The series is a joint effort by The UCLA Film & Television Archive, The Hollywood Foreign Press Association, The Film Foundation and Sony Pictures Entertainment, and Kramer’s widow Karen Sharpe Kramer.
“I’ve done individual celebrations of Stanley’s films for many, many years, but with this celebration – the culmination of a hundred years – there will be different film festivals and tributes to Stanley all over the country,” said Sharpe Kramer, Kramer’s third wife.
Sharpe Kramer has screenings planned through November in New York, Kentucky, Palm Springs and on Catalina Island, among other locations.
The UCLA Film & Television Archive and the Hugh M. Hefner Classic American Film Program kick off the celebration Friday when Larry King joins to help host the evening featuring the newly restored version of Death of a Salesman.
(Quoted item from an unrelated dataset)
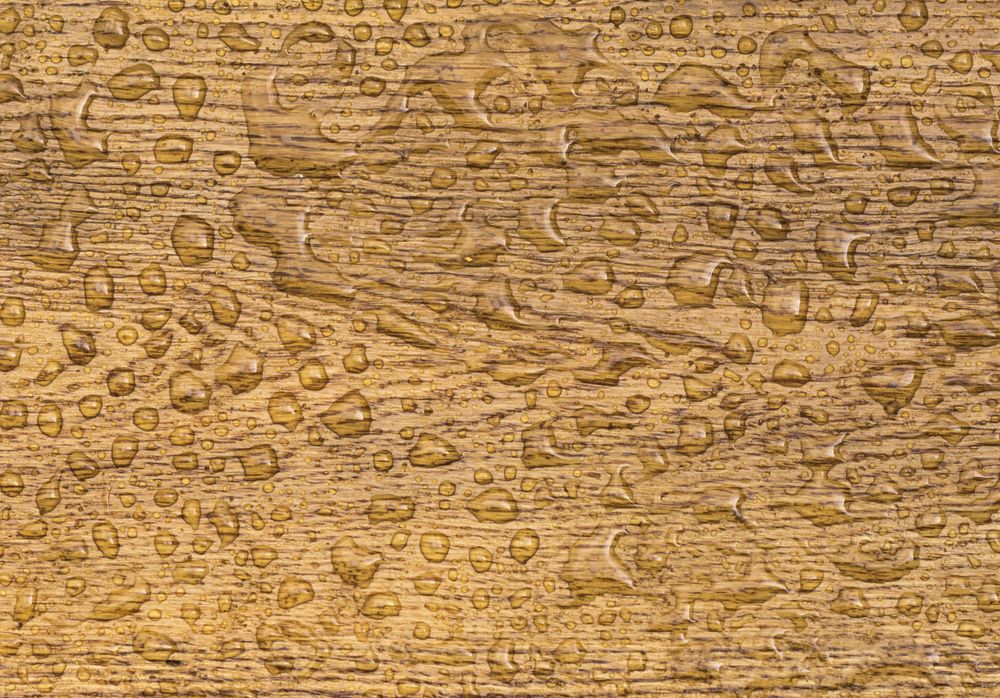 Oak background with raindrops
The film is based on the Pulitzer Prize-winning play by Arthur Miller who at the time of its release in 1951 was critical of Kramer's version, mainly because it cut some of his dialogue from the play.
Produced by Kramer in 1951, Death of a Salesman was released by Columbia Pictures and was considered a box office flop. That is one reason it never received a home video release.
Columbia Pictures distribution license expired in the 1960s and the rights reverted to Kramer and later his estate.
Five years ago HFPA member Phillip Berk, a longtime fan of Kramer's work, approached Sharpe Kramer and discussions began about doing a restoration of his version of Death Of A Salesman. “It’s one of the great treasures of film,” Sharpe remembers Berk saying to her. “It needs to be restored.”
Berk spoke with The Film Foundation founder Martin Scorsese about the idea and he agreed that it deserved to be restored. While he was HFPA president, Berk advocated for the restoration and the HFPA gave a grant of $120,000, working on the project with The Film Foundation.
Grover Crisp, executive vp of asset management, film restoration and digital mastering at Sony Pictures Entertainment, oversaw the restoration of the film as an independent project. The work was done at Colorworks, a company owned by Sony.
Crisp did a 4k scan (ultra high definition) of the original camera negative and did restoration work and color correction working closely with colorist David H. Bernstein to ensure that the proper density and contrast was achieved. Some of the image cleanup was done at Prasad Corporation, an outside vender selected by Colorworks.
The audio was restored from the original 35mm magnetic soundtrack at Chace Audio. Despite some scratches and tears on the film’s original camera negative, Crisp says Death of a Salesman was in average condition. The whole project took less than six months to complete. Over the last few years, Colorworks has also restored Lawrence of Arabia, Taxi Driver, The Big Chill and On the Waterfront.
During his lifetime, Kramer made 35 movies, which were nominated for 85 Academy Awards and won 15 in total. He is remembered as a filmmaker with a definite point of view who wasn’t afraid to ask serious moral questions about race, war, politics and other controversial issues through his films.
“Stanley was the among the first to do a lot of things with subject matter,” said Sharpe Kramer. “He was even given the first (permanent) star on the Hollywood Walk of Fame.”
“Kramer made his films with such introspection and honesty that viewers could have a soul searching experience while being entertained,” said UCLA's Kelley.
Kramer attributed his passion for moral causes to his own hardships early on in his life. Born on September 29th, 1913 in Hell’s Kitchen, New York and abandoned by his father at a young age, Kramer suffered in poverty.
He entered New York University at age 15, where he won a writing contest that landed him an internship at 20th Century Fox in Hollywood. He then became a screenwriter and set builder at MGM, later graduating to editing. After producing training films in the Army, Kramer launched his own company.
“Some of the films that Stanley made 50 years ago are even more relevant today,” said Sharpe Kramer, who is a producer herself.
She is currently trying to launch as modern-day remake of the 1952 movie High Noon, Kramer’s last independent production.
Sharpe Kramer hopes to finally see ancillary market distribution for Kramer's Death of a Salesman, now that it has been restored. She says it will"resonate with an audience" which is why the distribution is so important.”